Gaming is fun, and fun is for everyone
I'm going to have to disagree about Dragonlance being a lock. And it is for the same reason TSR never was able to sustain it much after 1st edition. Once the novels by Weis and Hickman came out and shot into the stratosphere they quickly eclipsed everything else. Witness how many people here seem to think the setting was created by Tracy Hickman and Margaret Weis.

It wasn't.

The initial concept was dreamed up by Tracy and Laura Hickman, and then Douglas Niles, Harold Johnson, Larry Elmore, Jeff Easley and a whole lot of other TSR staffers that most have forgotten. Weis was an editor who was given the job of getting someone to adapt the modules into novels and then when she couldn't find a suitable author, did it her self.
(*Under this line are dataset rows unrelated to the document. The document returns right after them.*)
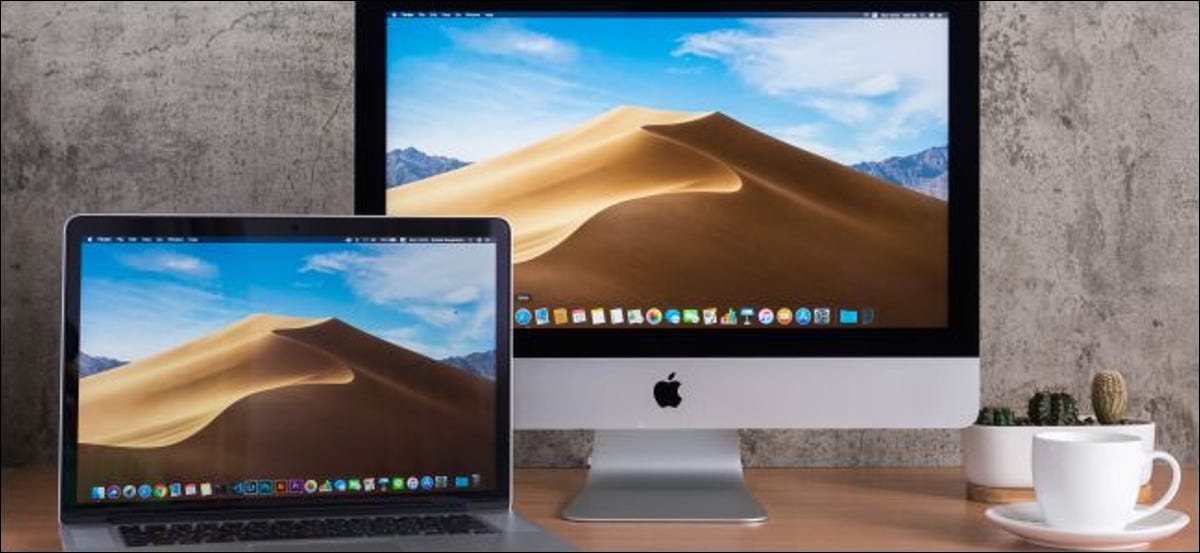 Um iMac e MacBook em uma mesa.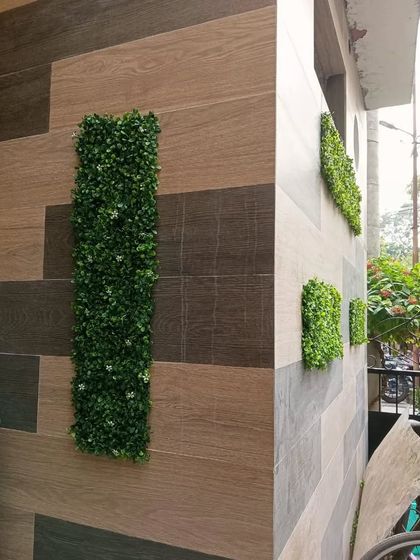 A view of the geometric green panels from the side, showing how they add dimension and visual interest to the corner of a building.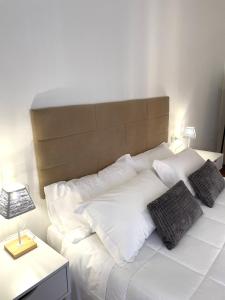 佩鲁贾Filo Guest House的白色的床、白色枕头和棕色床头板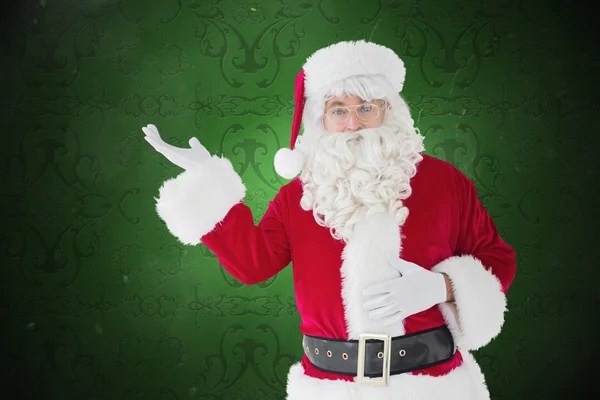 Happy santa med handen ut — Stockfoto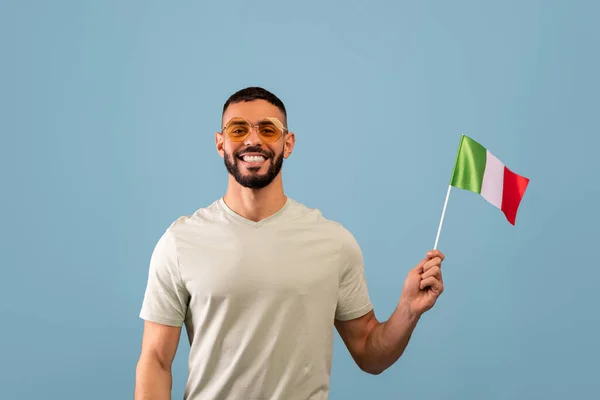 Pozitif Arap adam İtalya bayrağı gösteriyor, mavi arka planda poz veriyor ve kameraya gülümsüyor. Dil kursları konsepti — Stok fotoğraf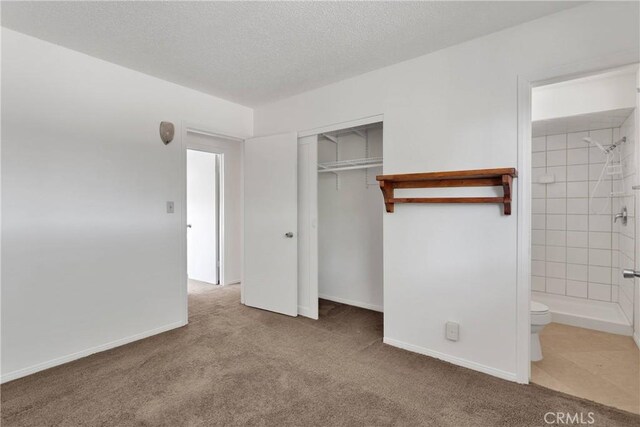 305 Beverly Ave, Barstow, CA 92311 - unfurnished bedroom with carpet flooring, a closet, and ensuite bathroom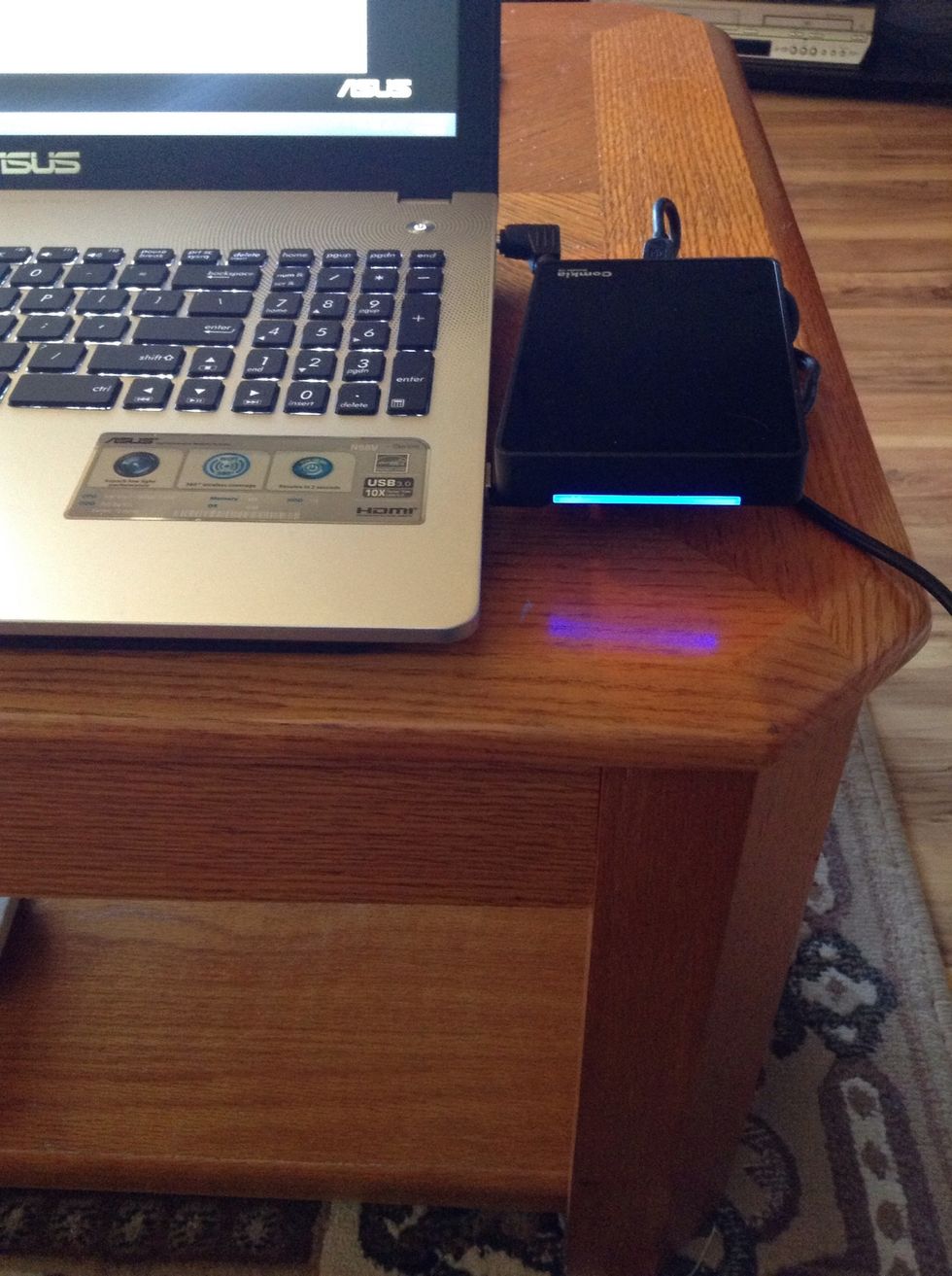 Plug the other end into your new computer's USB port and you will get a pretty blue light!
She was not an RPG designer but succeeded as a novelist beyond what anyone would have envisioned at the start of the project. (And Hickman himself rapidly transitioned to novelist more than designer)

I don't disagree with the rest of your point, that the novels eclipsed the D&D setting, but I do think you're splitting straws here about "Who made Dragonlance." Yes it is true that Weiss wasn't involved in the initial concept, and I think uninformed people confuse Weis with Tracy's wife Laura in the famous "We came up with the idea on the drive to TSR."

But the Hickman's have always been at the center of Dragonlance, just like Ravenloft (though WotC does not need them to publish in 5e). And when Curse of Strahd was being made, the Hickman's were brought on to advise, so it's not impossible that this could happen.

That said, I definitely don't think it's a lock for one of these 3. Makes more sense as an adventure compilation a-la Ghosts of Saltmarsh IMO.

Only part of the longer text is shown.